Alpes Literários

Alpes Literários

Subtítulo

UM PASSEIO PELOS ALPES LITERÁRIOS

terça-feira, 22 de abril de 2025

Carlos Mastronardi - Os Reis Esquecidos

Nestes versos, o poeta argentino emprega uma linguagem críptica, com imagens algo surrealistas, para transmitir a ideia de que existe um mundo de sombras, dominado por reinos ocultos que urdem uma rede de influência sobre nossas vidas, dirigindo nossos passos e quereres, sem que nos demos conta.

 

Há elementos no poema que suportam tanto uma interpretação que se oriente a levar em conta as influências externas às pessoas – a exemplo das pressões que nos impõe a sociedade sobre papéis e expectativas que, em última instância, podem nos distanciar de nossas verdadeiras identidades –, quanto internas – o mundo secreto do inconsciente, governado por forças psíquicas que condicionam nossos destinos, capazes de erigir um “cárcere” de limitações e de padrões autodestrutivos.

 

Seja como for, aos olhos do falante, seríamos como que “criaturas desertas”, à mercê de forças oprimentes, naquilo que entregues, fatal e resignadamente, ao transcurso do tempo, entre passados sepulcrais – afinal, somos também, em grande medida, os nossos mortos e ausentes! – e sonhos não realizados.

 

J.A.R. – H.C.

 

Carlos Mastronardi

(1901-1976)

 

Los Reyes Olvidados

 

A Miguel Angel Fernández

 

Las personas del sueño te persiguen y asedian

mientras juegas con seres concretos bajo el día,

y oscuras poblaciones desde los hondos años

trabajan escondidas para erigir tu cárcel.

Tejen tu viva trama muchos reyes secretos,

y en la tierra más tuya, silenciosos, se afanan

los tiranos sutiles que te dictan entero

mientras tus ojos se abren al mundo que conoces.

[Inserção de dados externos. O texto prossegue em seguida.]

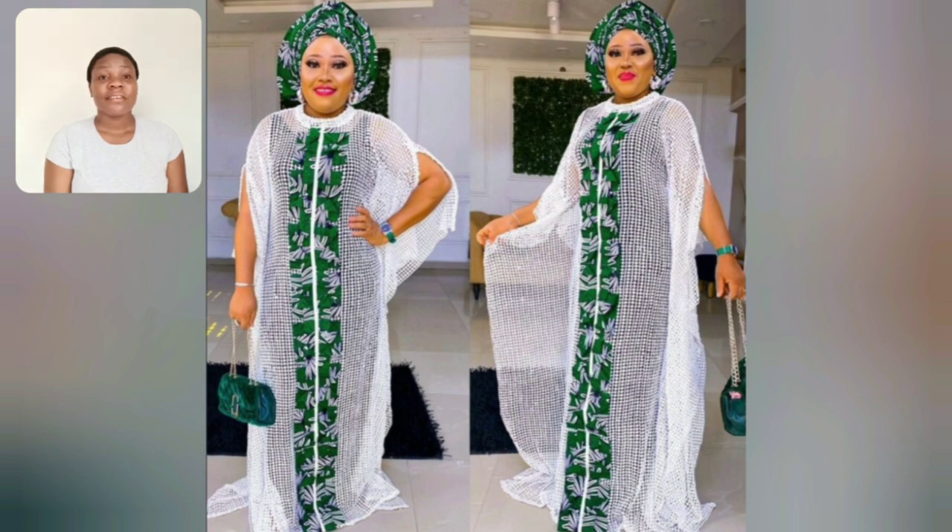Yes, look at this - green and white. Oh, this is it!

Suaves monstruos te llevan a un mentido futuro

que pronto será sombra tenaz de lo disuelto.

Te vulneran y vencen las flores que han ardido

en la centella larga de la edad que te inunda.

El ayer vengativo siempre aviva tu anhelo

con la rosa esperada, pero en ti ya marchita.

Los olvidados seres que a la sombra cediste,

en harapos regresan y al porvenir te arrojan.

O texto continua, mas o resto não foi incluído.